## WORK INSTRUCTION
Retype the whole listing verbatim and keep the pictures out of it.

## GIVEN DATA
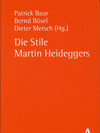 Die Stile Martin Heideggers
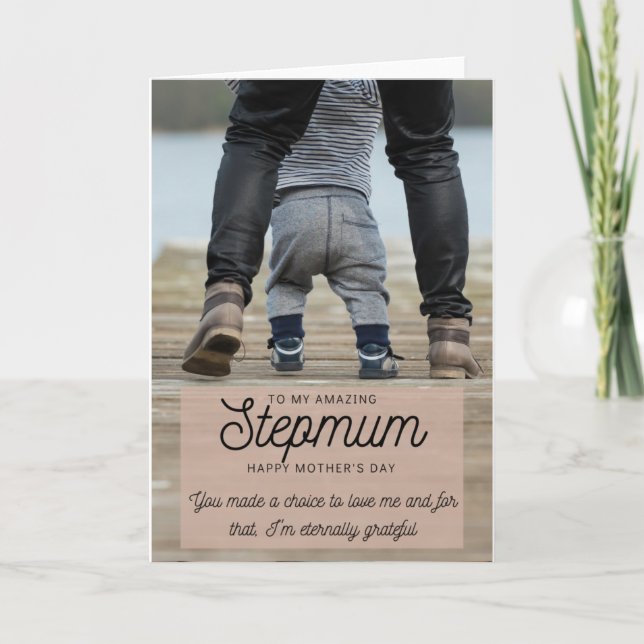 Cartão Placa De dia de as mães Para Mães Passo (Frente)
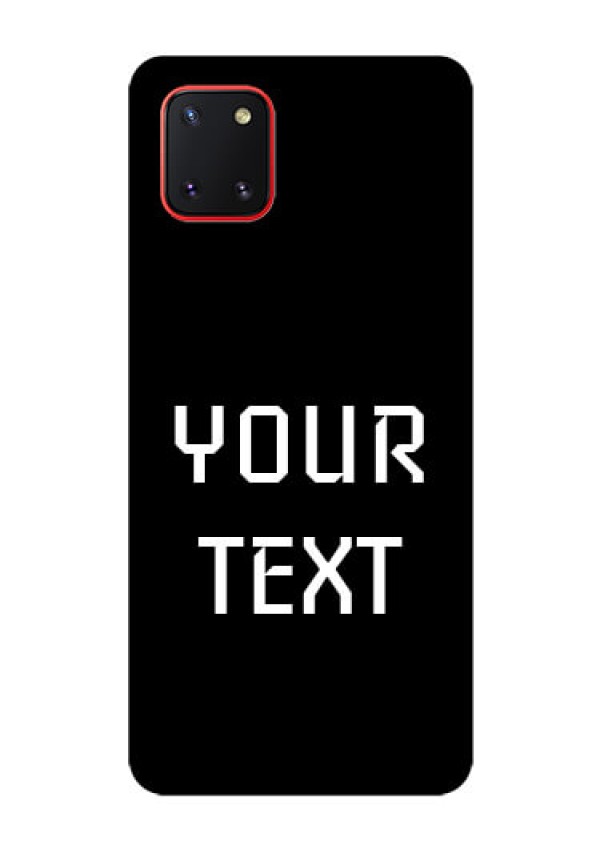 Galaxy Note10 Lite Your Name on Glass Phone Case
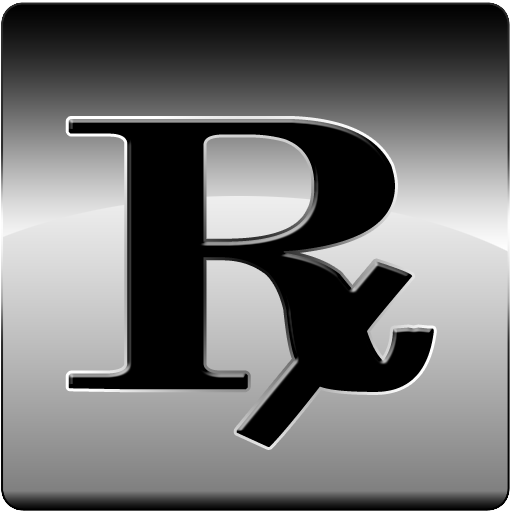Rx Pharmacy Symbol Silverclip Art Image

## EXPECTED OUTPUT
 Die Stile Martin Heideggers
 Cartão Placa De dia de as mães Para Mães Passo (Frente)
 Galaxy Note10 Lite Your Name on Glass Phone Case
Rx Pharmacy Symbol Silverclip Art Image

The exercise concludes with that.